July 23, 2014
By ROSA CICCIO | Hartford Courant
HOW IT GOT ITS NAME: Originally part of Massachusetts, the area was called Southfield because it was the colony's southernmost town. The local pronunciation was always Suffield, however, and in 1764 the name was made official.
HISTORY: The area was settled in the early 1670s when the Massachusetts General Court authorized a group from Springfield, led by Major John Pynchon, to settle a town "on the west side of the Connecticut River towards Windsor." Due to an early surveying error, the town was believed to belong to Massachusetts until it was annexed by Connecticut in 1749.
TOBACCO: One of Suffield's earliest industries, tobacco played a vital part in the development and growth of the town.

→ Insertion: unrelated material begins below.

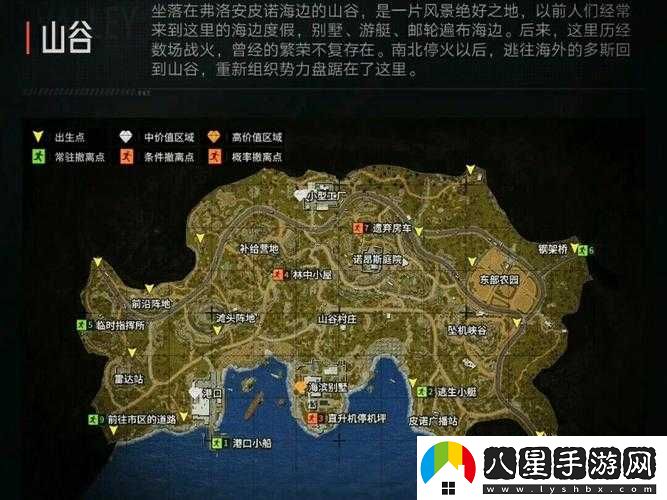 暗區突圍山谷男團打法及擊敗技巧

Suffield was home to the country's first cigar factory when a Cuban man was hired in 1810 to teach women how to roll "long nines."
EARLY EDUCATION: Suffield Academy, a private school established in 1833 as the Connecticut Literary Institute with the mission of training young men for the Baptist ministry, served as the town's high school until 1939.
DID YOU KNOW? When the British closed the Port of Boston in retaliation for the Boston Tea Party, Suffield residents supported their fellow colonists by issuing the first known declaration of independence in America in July 1774.